Tutorial: Driver Cosimulation

Cocotb was designed to provide a common platform for hardware and software developers to interact. By integrating systems early, ideally at the block level, it’s possible to find bugs earlier in the design process.

For any given component that has a software interface there is typically a software abstraction layer or driver which communicates with the hardware. In this tutorial we will call unmodified production software from our testbench and re-use the code written to configure the entity.

For the impatient this tutorial is provided as an example with cocotb. You can run this example from a fresh checkout:

cd examples/endian_swapper/tests
make MODULE=test_endian_swapper_hal

Note

SWIG is required to compile the example

Difficulties with Driver Co-simulation

Co-simulating un-modified production software against a block-level testbench is not trivial – there are a couple of significant obstacles to overcome.

Calling the HAL from a test

Typically the software component (often referred to as a Hardware Abstraction Layer or HAL) is written in C. We need to call this software from our test written in Python. There are multiple ways to call C code from Python, in this tutorial we’ll use SWIG to generate Python bindings for our HAL.

Blocking in the driver

Another difficulty to overcome is the fact that the HAL is expecting to call a low-level function to access the hardware, often something like ioread32. We need this call to block while simulation time advances and a value is either read or written on the bus. To achieve this we link the HAL against a C library that provides the low level read/write functions. These functions in turn call into cocotb and perform the relevant access on the DUT.

Cocotb infrastructure

There are two decorators provided to enable this flow, which are typically used together to achieve the required functionality.

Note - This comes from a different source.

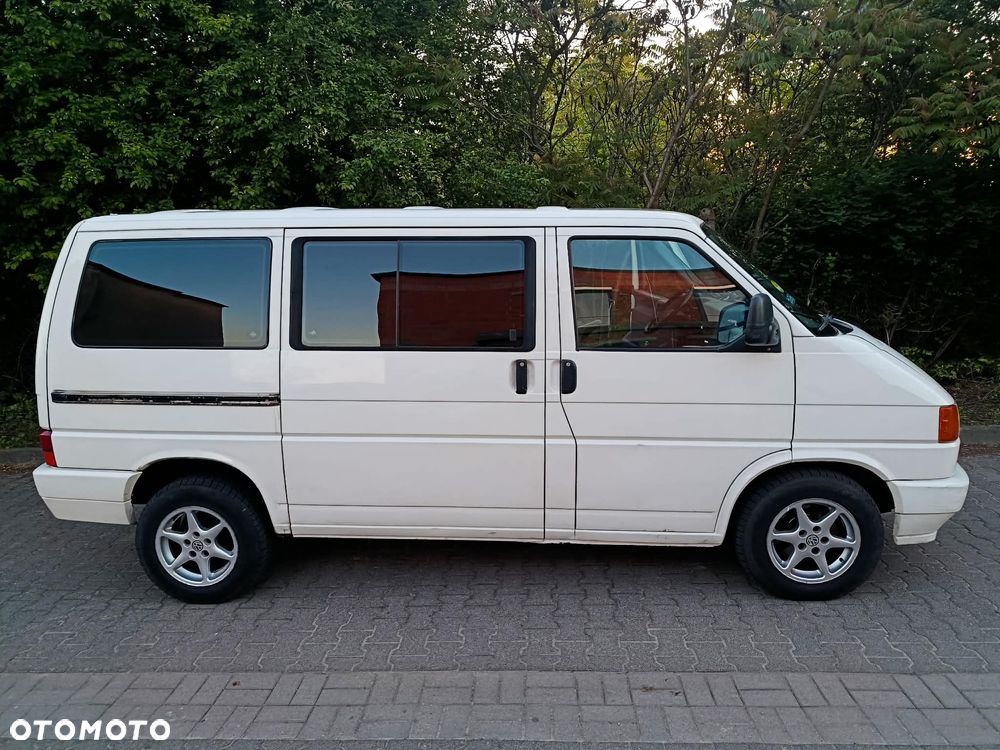 Volkswagen Multivan Standard - 3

The cocotb.external decorator turns a normal function that isn’t a coroutine into a blocking coroutine (by running the function in a separate thread). The cocotb.function decorator allows a coroutine that consumes simulation time to be called by a normal thread. The call sequence looks like this:

_images/hal_cosimulation.svg

Implementation

Register Map

The endian swapper has a very simple register map:

Byte Offset Register Bits Access Description
0 CONTROL 0 R/W Enable
31:1 N/A Reserved
4 PACKET_COUNT 31:0 RO Num Packets

HAL

To keep things simple we use the same RTL from the Tutorial: Endian Swapper. We write a simplistic HAL which provides the following functions:

endian_swapper_enable(endian_swapper_state_t *state);
endian_swapper_disable(endian_swapper_state_t *state);
endian_swapper_get_count(endian_swapper_state_t *state);

These functions call IORD and IOWR – usually provided by the Altera NIOS framework.

IO Module

This module acts as the bridge between the C HAL and the Python testbench. It exposes the IORD and IOWR calls to link the HAL against, but also provides a Python interface to allow the read/write bindings to be dynamically set (through set_write_function and set_read_function module functions).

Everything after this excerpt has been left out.